A potentially viable alternative is the purification of tsRNAs from endogenous sources, especially under in vivo conditions that promote tRNA fragmentation or after in vitro processing of purified tRNAs. This alternative is rooted in the previous success to purify individual tRNAs and systematically determine their modification patterns after hybridization-based affinity capture of target RNAs from complex samples followed by LC-MS/MS [59].

Here, we report on different in vitro and in vivo strategies for the production of tsRNAs carrying RNA modifications. While some of the in vitro approaches would allow quantitative fragmentation of input RNAs into tsRNAs, use of resulting tsRNAs obtained from these approaches needs to be matched with planned downstream applications.
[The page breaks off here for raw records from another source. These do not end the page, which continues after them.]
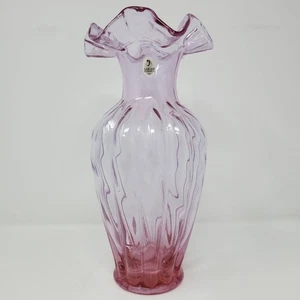 Jarrón Fenton Empress Rose Art Glass grande rosa con volantes hecho a mano en EE. UU. 11" - Imagen 1 de 9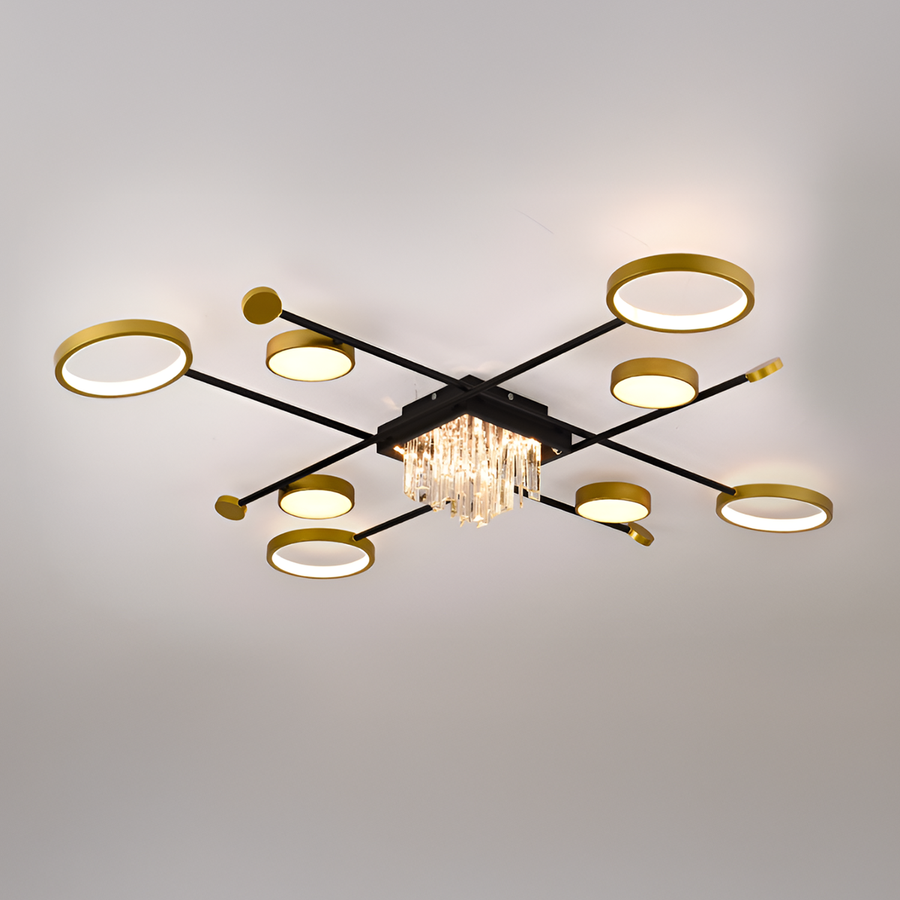 Lustre LED avec télécommande et cristal GUIDA 46W, 8 Éléments, Lumière Froide/Chaude/Neutre, Dimmable, Noir Or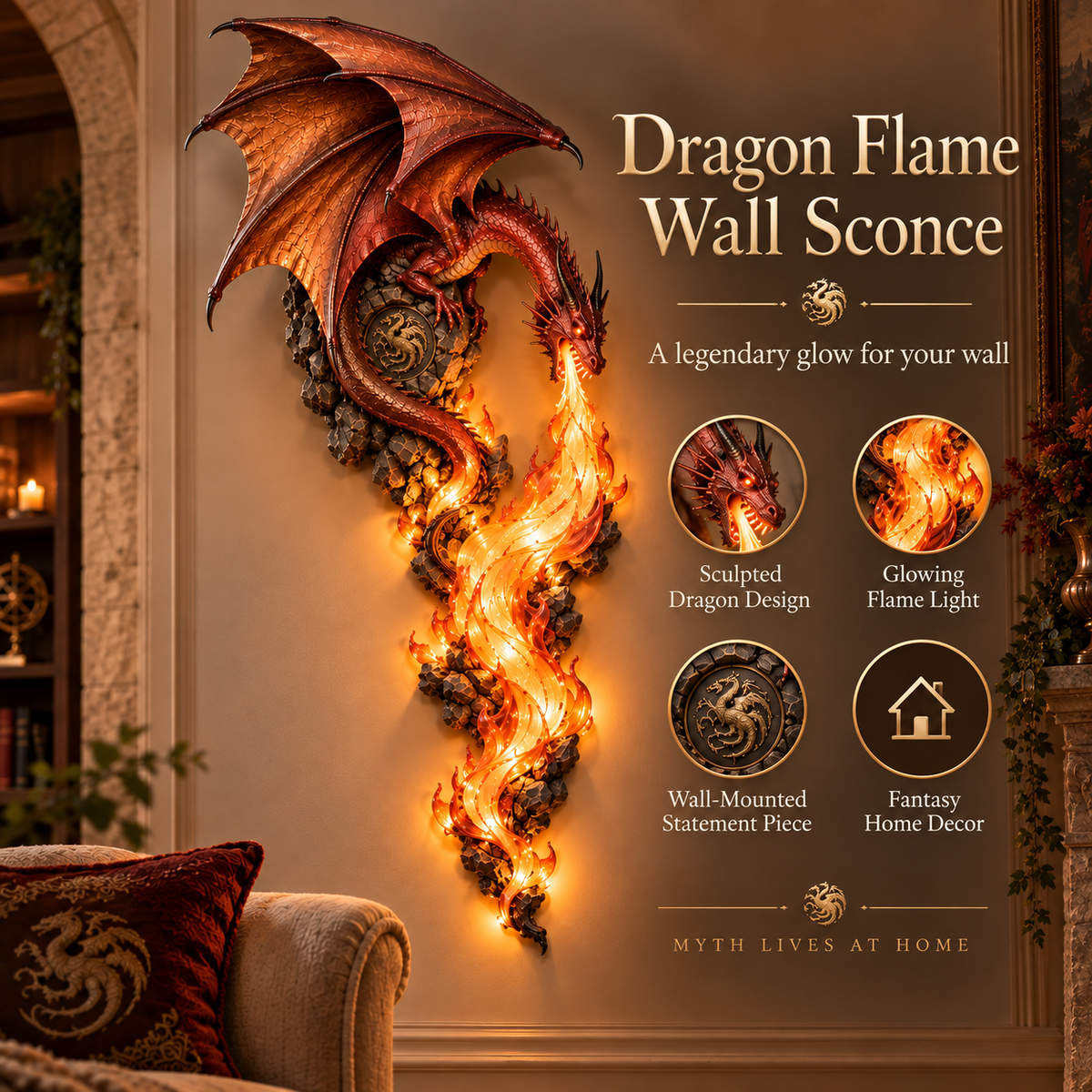 2027 Dragonfire Guardian Wall Sconce A Legendary Flame Awakens On Your Wall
This might become important for planning specific experiments since denaturing and re-folding of tRNAs (serving as substrates for DNAzymes or purified ANG) might result in tsRNA identities that are different from stress-induced tsRNAs produced in a cellular environment and thereby affect experimental outcomes. Furthermore, our findings that particular tRNA positions carrying RNA modifications are not addressable by DNAzymes are informative since use of such DNAzymes would result in tsRNAs with particular modification patterns that are different from the once produced in a cellular context through the activity of particular endonucleases.

On the other hand, the presented in vivo approaches, which employ either endogenous or ectopic ANG activity in living cells, resulted in tsRNAs that were homogeneous in sequence identity but rather heterogeneous in RNA modification content. Quantitative RNA mass spectrometry for a select number of modifications in the HEK293 cells revealed that both purified tsRNAs and co-purified tRNAs were not quantitatively modified (expected mods/detected mods). These results could be explained by biological context but could also be rooted in technical bias introduced during the presented workflow for the purification of tRNA-derived sequences. For example, while database entries list particular mature tRNAs as modified at particular positions [27], the extent and stoichiometry of particular modifications in a given tRNA-isoacceptor or tRNA-isodecoder pool purified from different cell types has not been systematically determined. Of note, fast dividing cells such as cancer-derived cell lines showed upregulation of tRNA expression and deregulation of various tRNA modification enzymes [60,61], yet some tRNAs in cancer cells exhibited hypo-modification at specific positions [62] indicating that rapidly dividing cells might not always quantitatively introduce all RNA modifications or that absence of particular RNA modifications might be advantageous depending on the cell type and growth conditions. The latter point is supported by the existence of tRNA-demethylating activities [63,64] indicating that specific positions in individual tRNAs can be variably modified. Importantly, partial tRNA modification has been suggested to play a role in stress-induced reprogramming of protein translation [65,66]. Alternatively, overexpression of ANG outside stress response circuitry might cause ectopic tRNA fragmentation thereby resulting in tsRNAs originating from incompletely modified tRNAs.

In addition, also technical bias could have resulted in the affinity purification of a mix of modified, hypo-modified and non-modified tRNA-derived sequences. Since we employed hybridization-based affinity capture methodology with the aim of purifying specific tsRNAs from human cells exposed to stress conditions or after ectopically expressing the mammalian anticodon nuclease ANG, the use of DNA oligonucleotides matching an unmodified and not a modified tRNA-derived sequence might have affected the output of the purification procedure because of different hybridization efficiencies, which can be determined by RNA modifications.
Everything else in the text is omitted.